Expectancy Theory in Practice Western Governors University Abstract The purpose of this paper is to illustrate the three main components of Expectancy Theory and how its practice will work in a real world situation. The paper will point out how a company can best use the components of the theory to make its employees more productive and reward them in a way that is most conducive to them each achieving their best results. Expectancy theory is a measure of motivation based on three major components. It is one of the most widely accepted theories of motivation based on evidence.
Although, there is no easy way to measure expectancy theory as each person has a differing reward system in mind, based on the majority of data people respond best to a reward system that matches closely to their personal goals. The three relationships that make up expectancy theory are: 1. Effort – Performance Relationship States that if a person puts out a certain amount of effort they will achieve a certain performance. 2. Performance – Reward Relationship This is based on a person’s belief that their performance will achieve a certain reward. . Rewards – Personal Goals Relationship This is how a companies offered rewards will satisfy a person’s personal goals with examples being promotions or pay raises. The primary factor determining ones production and desire to succeed is based on how closely a companies offered rewards for an employee’s performance will align with their personal goals. In other words if an employee plans to work 20 extra hours a week doing a certain task and they expect to earn a $10,000. 00 per year raise from that work yet the company instead offers only $5,0000. 0 per year that employees personal goals are not being met and the expectancy theory will show that employees production will most likely drop. In the illustration given the company would best model the expectancy theory of motivation by offering a larger reward for the highest producers.

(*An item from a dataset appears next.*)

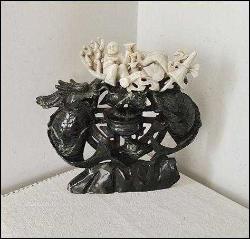 Retro 1950ler El Yapımı  İki Renk Dushan Jade Yeşim Taşı İyi Şans Tılsımı Büyük Figürin Biblo ÇİN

If the company can make a larger financial reward available to those meetings their goals then it would make their extra effort seem more meaningful to them and their personal goals would be met by the reward given. The other downfall o the rewards offered is the employees realization that simply working a little overtime is a bigger reward to them than increasing production. So to make that gap larger would also have the same effect on the employees and their production. Lastly, if those employees meeting goals are not earning a reward of value and they can see that those employees not making goals are not being punished then the reward is not enough for them to raise their own performance. If the company in our scenario would like to implement the expectancy theory in the plant and see production improve they could install a clear plan for all employees.
The plan would set a work done versus pay raise scale, clearly written. It would have to be a raise high enough that would offset the difference in overtime paid, or eliminate the overtime pay for employees not reaching goal. An example could be that any employee reaching production goal for a pay period receives x number of dollars. If the employee does not reach production goal then they are not entitled to working overtime. This would give them a set goal and state clearly what they could expect in return for their improved production.